▶ RECORDED DATA
• • • •

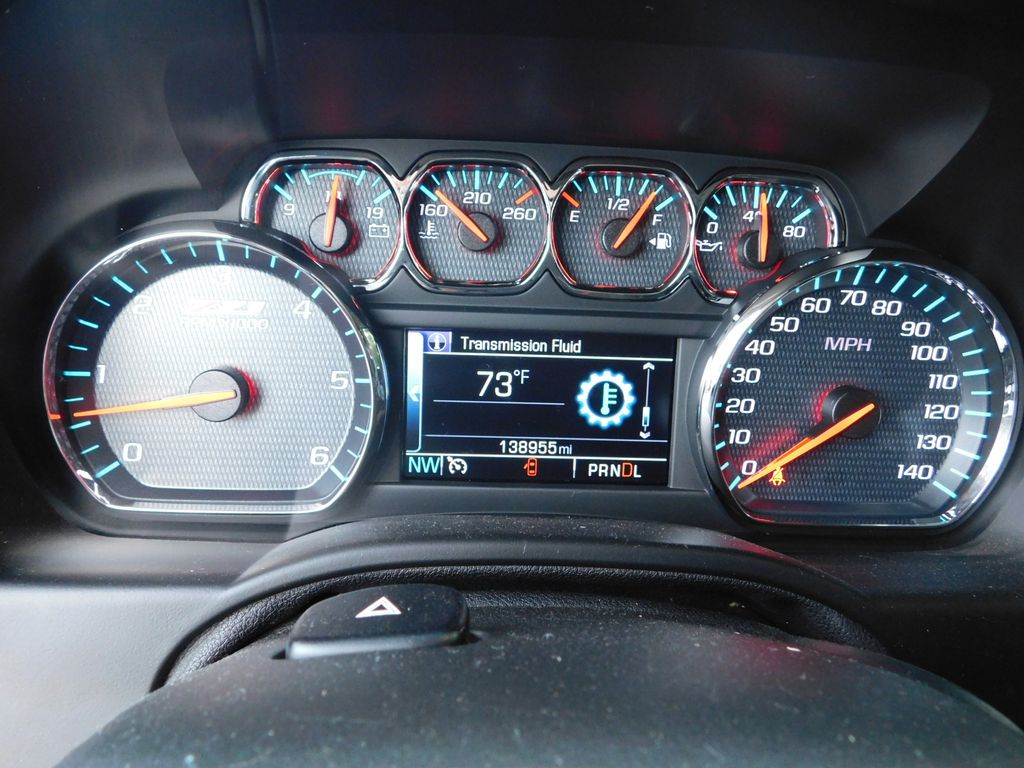 Thumbnail: 2020 Chevrolet Suburban - 12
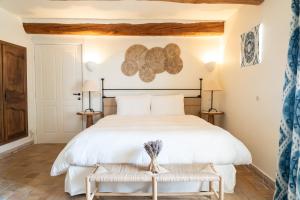 Lodges Chateau les Crostes : photos des chambres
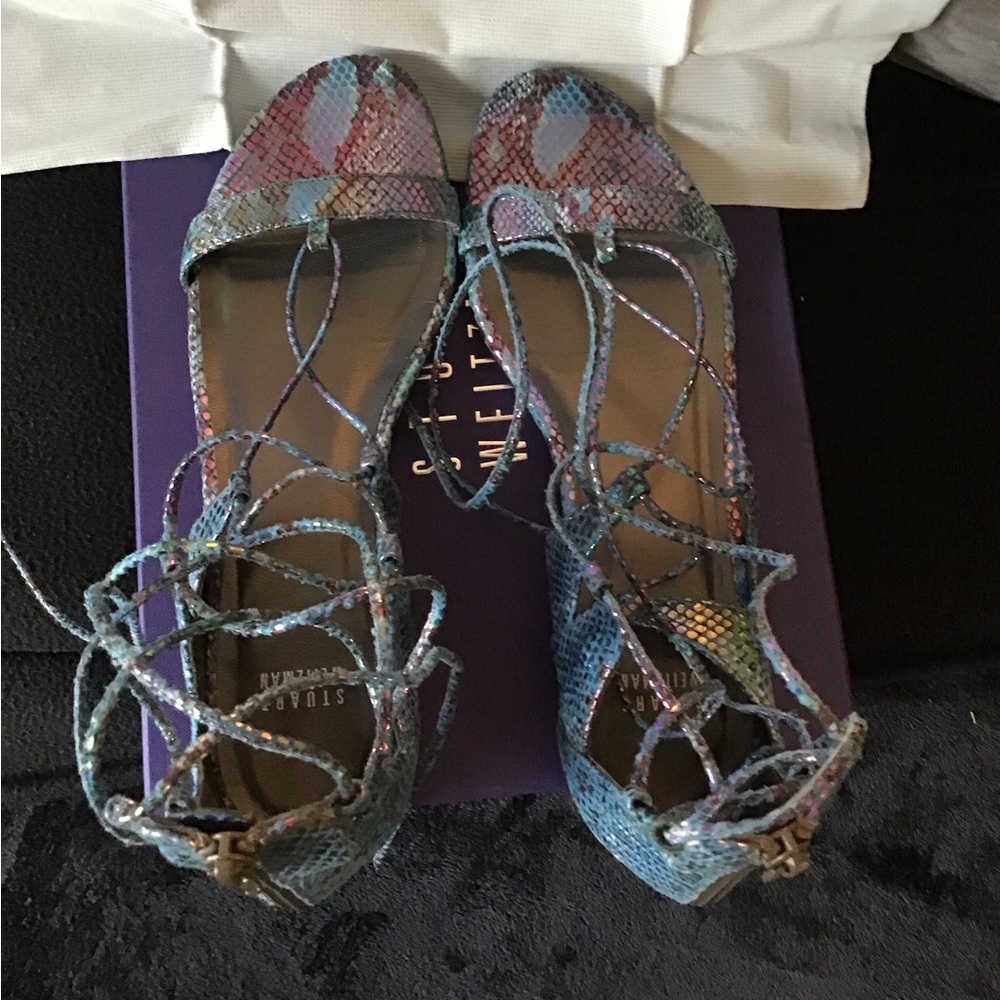 Leather sandals worn once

• • • •

▶ TASK PROMPT
Leave out the pictures and print every line of the data exactly.

▶ OUTPUT OF THE TASK
 Thumbnail: 2020 Chevrolet Suburban - 12
 Lodges Chateau les Crostes : photos des chambres
 Leather sandals worn once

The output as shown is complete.